The long, slow cooking method gives this dish the depth and richness one craves during the cold winter months.

YOU WILL NEED

  • 1.5 – 2 kg lamb, springbuck or blesbuck shoulder
  • 3 T (45 ml) red wine vinegar
  • 2 t (10 ml) Ina Paarman’s Meat Spice
  • 2 T (30 ml) flour
  • 3 T (45 ml) olive oil
  • 1 large onion, chopped
  • 5 cloves of garlic, sliced
  • 3 T (45 ml) Ina Paarman’s Sun-dried Tomato Pesto
  • 1 cup (250 ml) red wine
  • 1 x 400 ml Ina Paarman’s Tomato & Basil Pasta Sauce
  • 2 cups (500 ml) water
  • 1 T (15 ml) Ina Paarman’s Vegetable Stock Powder
  • ½ cup (125 ml) green olives, pipped
  • 2 t (10 ml) fresh lemon rind
  • 2 cloves of garlic, chopped
Method

Rub the meat all over with the vinegar, cover and leave for a few hours or overnight.

Drain, pat dry with paper towel. Season with a mixture of the Meat Spice and flour.

Heat the olive oil in a flat bottom potjie and brown the meat. Remove the meat and set aside.

Add the onion, garlic, Sun-dried Tomato Pesto and red wine. Boil fast without the lid until the wine has reduced by half.

Add the Pasta Sauce. Rinse out the bottle using the water and add the Vegetable Stock Powder. Bring to the boil.

Add the browned meat. Bring to a simmer, cover with a lid and cook very gently for 2 ½ – 3 hours, until the meat is tender. See Ina’s Tip.

Add the olives and cook uncovered for a further 10 minutes.

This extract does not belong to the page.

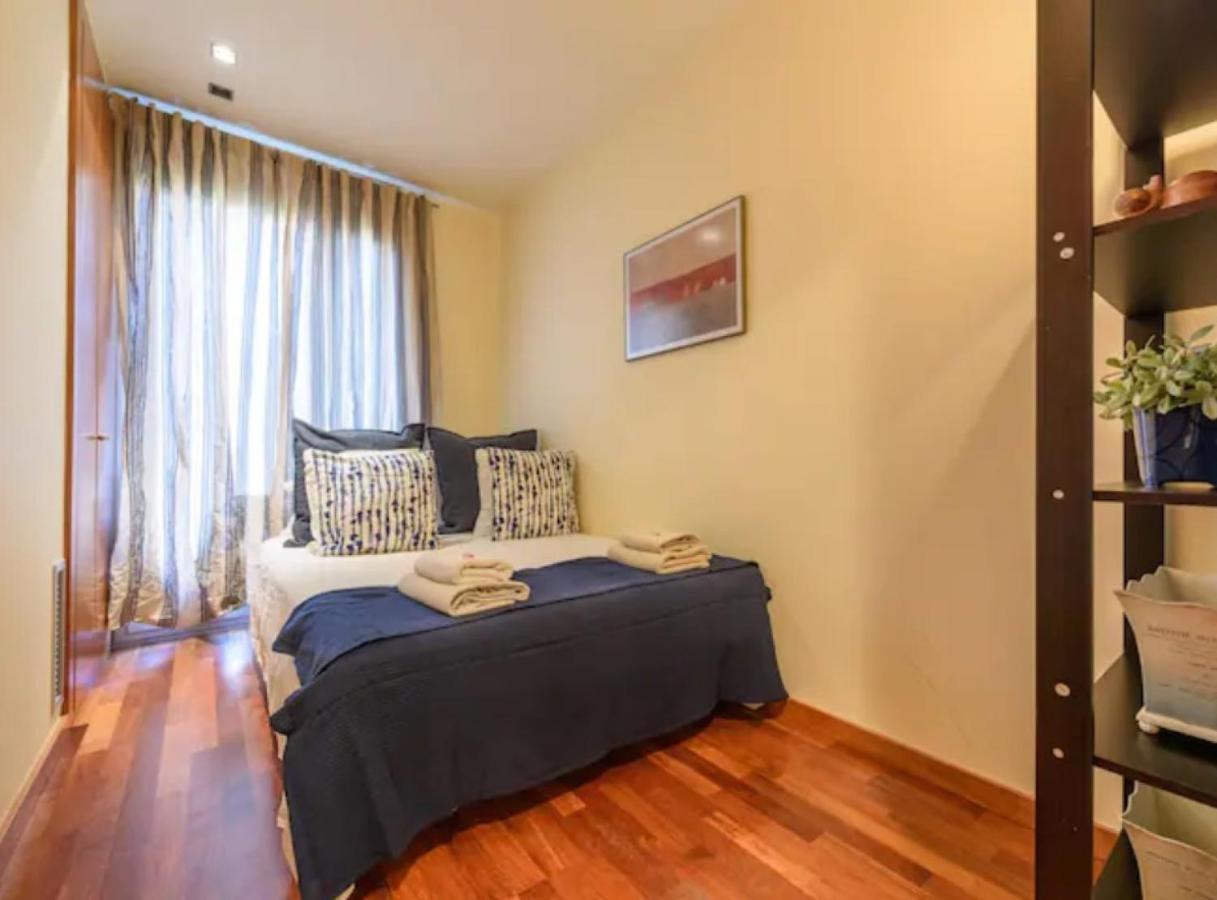 Ramblasrentals Stylish Bright 3br New Catalan Flat 10m Ramblas - Parking - Wifi * Barcelona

Top with a mixture of lemon rind and garlic.

Ina's Tip

To expedite cooking turn the lid of the pot upside down and heap coals into the hollow. See picture No 2.

For the olive fanatics, increase the green olives to 1 cup (250 ml) and replace the Tomato & Basil Pasta Sauce with our Tomato, Olive & Chilli Pasta Sauce.

Leftovers are delicious chopped up and tossed into pasta with any leftover sauce.